Make room for testimony and your church’s mission statement about changing lives will no longer only be something that you print in your bulletin every week; now it will be narratively demonstrated every week in people’s stories. And a mission story is always better than a mission statement. Missional power and humility will expand as people come to subjectively experience what they might have cognitively believed (or not) for years, that their true stories are what God wants. Which is why regular lay testimony is also one of the most evangelical commitments a church can make. In my experience, most unaffiliated folks are not that interested in checking out a worship service to hear an unknown preacher’s sermon, but they’ll show up to hear a friend of theirs tell a story. I’ve baptized a number of adults who came to worship only because of a friend’s testimony and ended up sticking around and rather unexpectedly coming to faith.

HOW TO DO IT

So, how do you start a regular ministry of testimony in your congregation? For some longer reading, check out two wonderful books: Lillian Daniel’s Tell It Like It Is: Reclaiming the Practice of Testimony and Thomas Long’s Testimony: Talking Ourselves Into Being Christian.

But to get you started, here are some basic suggestions:

For church leaders:

  • You can start whenever you want, but some find it helpful to launch a testimony trial run that is framed in a particular season of the program, liturgical, or calendar year. Whenever you start, share in advance with your congregation what testimony is and isn’t and why you’re embarking on such an experiment.
  • Since the first experiences of testimony in a congregation will begin to establish a culture, choose the first 8-10 testimony givers with several things in mind. You’ll want a diverse range of people (age, gender, race, sexuality, etc.), a diverse range of experiences and stories (incorporate the wide spectrum of the human experience so that you don’t privilege one personality or spirituality “type”), and people that you trust to take it seriously.
  • Reach out to these individuals well in advance, tell them what you’re hoping for, and ask them to pray about it. Give them a list of guidelines (see below) and if they say yes, schedule them for a particular worship service. I like to have testimonies scheduled at least 6 weeks in advance so that testimony givers have time to reflect and prepare.
  • Especially if the practice is new for your congregation, offer to read folks’ first testimony drafts or meet up with them one-to-one to encourage them. When they stand up to share in worship, you want them to feel as confident as possible. As the practice continues and deepens in your congregation, you may decide to add an additional one-to-one meeting afterwards, as the experience of testimony often unlocks callings, purpose, and questions in those who give it.
  • You can place testimony anywhere in the service. I personally think it works best in the first half of worship, perhaps before the Scripture reading, so that people connect it to the other proclamations of the Word.
  • Have someone briefly introduce the testimony each week, sharing in a sentence why your church does it, and inviting the testifier up by name: “Here at ___ Church, we believe that stories change lives. So let’s give Demetrius a round of applause as he comes to share testimony with us today!”
  • Have the testimony giver close the time with prayer, or have someone else pray for the testimony giver.

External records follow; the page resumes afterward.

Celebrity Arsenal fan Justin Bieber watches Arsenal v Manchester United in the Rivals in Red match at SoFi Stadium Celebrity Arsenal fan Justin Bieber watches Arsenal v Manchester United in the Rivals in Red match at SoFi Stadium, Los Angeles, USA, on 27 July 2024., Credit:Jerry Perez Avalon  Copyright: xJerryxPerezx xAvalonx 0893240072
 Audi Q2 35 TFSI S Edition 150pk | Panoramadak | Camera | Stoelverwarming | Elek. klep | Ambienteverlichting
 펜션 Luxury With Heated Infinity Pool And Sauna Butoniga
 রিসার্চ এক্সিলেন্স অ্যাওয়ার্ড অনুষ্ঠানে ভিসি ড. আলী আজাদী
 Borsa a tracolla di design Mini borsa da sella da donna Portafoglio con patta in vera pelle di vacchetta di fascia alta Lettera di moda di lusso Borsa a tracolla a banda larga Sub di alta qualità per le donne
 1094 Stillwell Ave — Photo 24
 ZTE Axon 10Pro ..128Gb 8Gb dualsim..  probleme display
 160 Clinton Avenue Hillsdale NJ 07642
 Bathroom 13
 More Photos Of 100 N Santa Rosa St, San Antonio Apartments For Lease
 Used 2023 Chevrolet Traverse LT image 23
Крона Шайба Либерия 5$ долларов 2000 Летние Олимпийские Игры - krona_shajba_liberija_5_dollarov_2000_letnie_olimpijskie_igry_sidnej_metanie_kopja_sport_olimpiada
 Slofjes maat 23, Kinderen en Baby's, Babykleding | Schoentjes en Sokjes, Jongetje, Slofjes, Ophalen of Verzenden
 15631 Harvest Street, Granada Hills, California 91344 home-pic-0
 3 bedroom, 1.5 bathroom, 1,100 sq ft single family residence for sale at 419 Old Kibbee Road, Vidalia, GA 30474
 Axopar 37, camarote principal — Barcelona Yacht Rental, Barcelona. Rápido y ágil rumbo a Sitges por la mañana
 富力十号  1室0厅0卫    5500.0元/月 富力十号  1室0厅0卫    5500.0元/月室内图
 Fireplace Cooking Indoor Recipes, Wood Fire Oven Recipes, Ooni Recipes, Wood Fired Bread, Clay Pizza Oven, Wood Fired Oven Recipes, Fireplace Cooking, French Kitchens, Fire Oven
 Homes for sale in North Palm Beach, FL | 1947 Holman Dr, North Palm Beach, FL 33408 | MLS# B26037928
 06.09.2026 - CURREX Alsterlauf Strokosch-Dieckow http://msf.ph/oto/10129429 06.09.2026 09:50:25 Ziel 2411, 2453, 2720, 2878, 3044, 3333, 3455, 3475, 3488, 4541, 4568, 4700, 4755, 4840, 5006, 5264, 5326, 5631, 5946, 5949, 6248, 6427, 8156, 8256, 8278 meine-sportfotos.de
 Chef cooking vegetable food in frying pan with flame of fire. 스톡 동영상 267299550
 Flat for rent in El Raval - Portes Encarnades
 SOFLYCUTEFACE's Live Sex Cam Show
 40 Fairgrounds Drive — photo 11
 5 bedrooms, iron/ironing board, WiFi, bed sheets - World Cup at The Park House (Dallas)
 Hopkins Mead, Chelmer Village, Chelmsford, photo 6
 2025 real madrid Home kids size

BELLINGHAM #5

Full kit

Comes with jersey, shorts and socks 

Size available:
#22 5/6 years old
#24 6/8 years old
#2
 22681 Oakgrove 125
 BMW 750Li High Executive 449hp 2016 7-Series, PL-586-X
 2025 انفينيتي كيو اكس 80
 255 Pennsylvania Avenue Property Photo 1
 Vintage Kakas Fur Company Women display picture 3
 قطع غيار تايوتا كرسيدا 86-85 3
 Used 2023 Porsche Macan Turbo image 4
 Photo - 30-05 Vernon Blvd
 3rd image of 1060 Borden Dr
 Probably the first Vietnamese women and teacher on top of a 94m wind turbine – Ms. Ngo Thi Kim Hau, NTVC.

For those giving testimony:

[The following is from an email I send to people several weeks in advance of their testimony.]

Thanks for being willing to share some of your testimony in worship on [date]!

Plan on your testimony lasting no more than 4-5 minutes. The time goes quickly, and written words take longer to speak than we might imagine, so be sure to prepare in advance and to practice.

We’re trying to help people get connected to each other and so we would like to include your email address in the worship program so that folks who identity with your testimony can be in touch directly. If you would prefer us not to do that, just let us know.

There aren’t a ton of dos and don’ts for testimony, but these suggestions may help as you prepare:

1. Your testimony is your testimony. Don’t feel like it has to be like others you’ve heard in worship. If yours is funny and full of levity, that’s great. If it’s more introspective or chill, that’s great, too. A short reflection, a story, a poem that you’ve written or some other media: share authentically how God is moving/active/present/working in your life and you’ll be just fine.

2. We hope that testimonies will share “new life” experiences – a new perspective, a change of heart, a new belief or practice or question, a new community, etc.

3. Don’t try to cram too much in; pick a point or two and let that be it. Remember: 4-5 minutes goes quickly.

4. If you are sharing something marked by pain, we suggest, as some have put it, that you “speak from your scars, not your wounds.” Both scars and wounds are part of the Christian experience, of course, but scars are perhaps better material for testimony as they often include the reflection and wisdom gained by walking through time in the pain, whereas speaking in public about open, current, unexamined wounds can sometimes hurt more than help.

5. Don’t diss directly on other churches or denominations or religions. We understand that we all come from some place and sometimes this includes a difficult religious experience. It’s totally fine to be honest and to reflect on that, but we ask that you not single out particular groups; for example, please don’t say anything like “the Baptist church is horrible and exclusionary” or “Roman Catholics don’t understand” or “Muslims don’t believe in grace.” We want to avoid the potential stereotyping and demonizing of other traditions.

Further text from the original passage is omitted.